In any case, do not use "define projection" to change the coordinate sytem of a layer that was provided to you except if you suspect a manipulation error from the data provider.

Project can be usefull in your case, but again you should make sure that you select the right transformation when projecting a data and that the "project" tool is applied on a dataset with the correct coordinate system. You can use the define tool to rollback your first modification before using the project.

Let's take an example : one of my neighbour is 1.8 m tall and the other is 5.5 feet tall. If I want to know who is the tallest, I need to convert their sizes.

I use an equation to convert from 5.5 feet to meters and I find out that 1.8 m > 1.68 m. This equation is like a projection.

Now if you don't trust the height unit, it is like defining that 5.5 is not in feet but in meter. In this case, one would be 1.8 m and the other one would be 5.5 m, so the second one would seem to be taller.

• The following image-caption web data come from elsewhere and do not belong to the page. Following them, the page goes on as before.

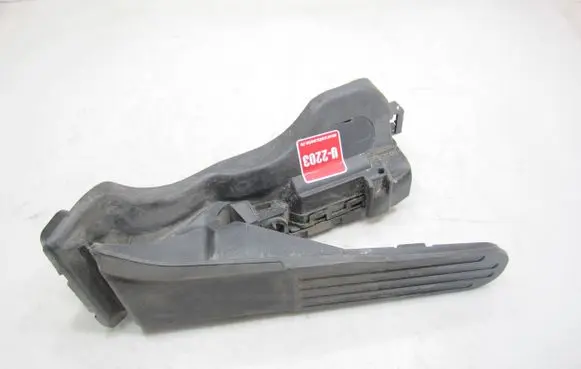 Volkswagen Golf VI Accelerator throttle pedal 1K1721503AA L054010 6PV01049850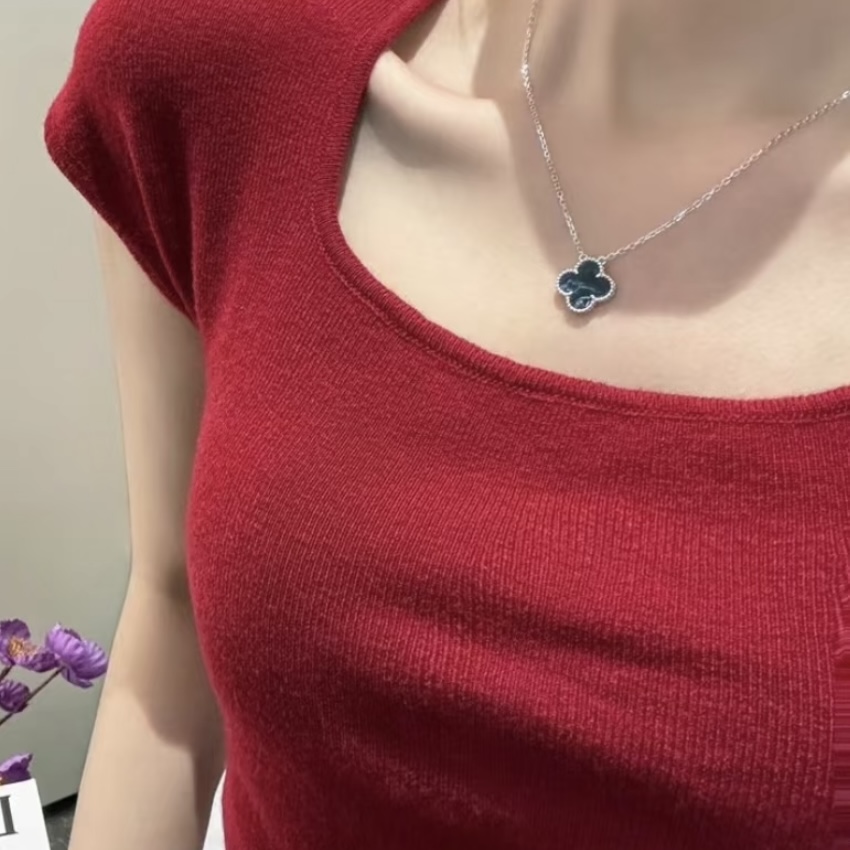 
A6526 👄【纯银版】Vca 限量版 彼得石 四叶草 单花 项链 天然彼得石 每一颗都是独一无二 德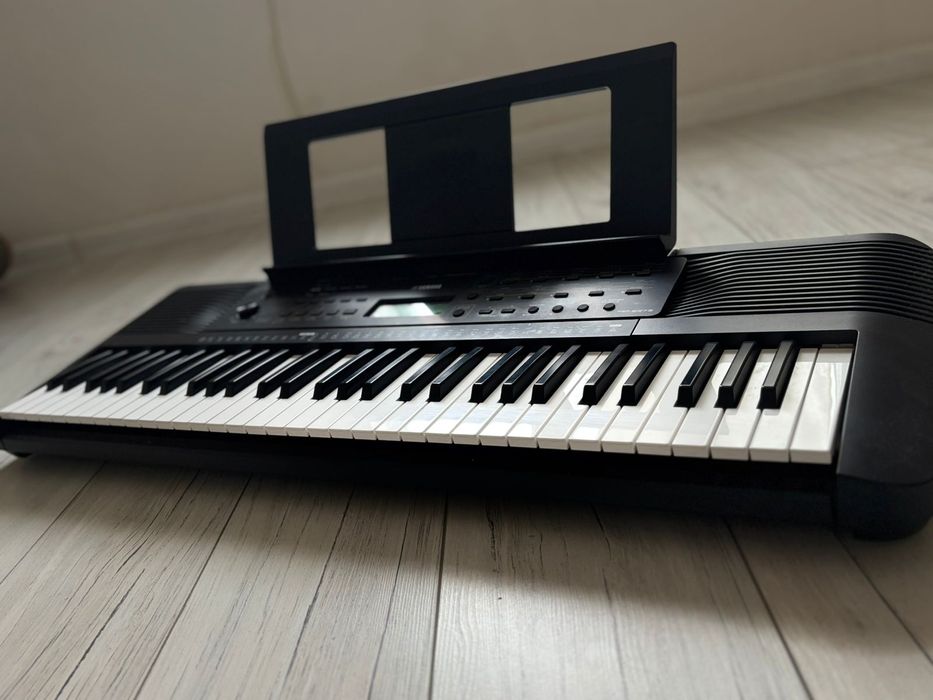 Продаю синтезатор в отличном состоянии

With project coordinate system there are several step for the conversion. 1) from XY to lat long on datum 1, 2) from lat-long on datum 1 to lat-long on datum 2 and 3) from lat-long on datum 2 to XY on target coordinate system. Step 2 (the transformation) is an approximation, but it is generally good enough in most cases. It is of course not necessary if the 2 projections use the same datum, but skipping it (like ArcGS often does) may result in a systematic error of 5 to 100 m (or a lot more if the prime meridian is different from Greenwich, but those cases are very rare).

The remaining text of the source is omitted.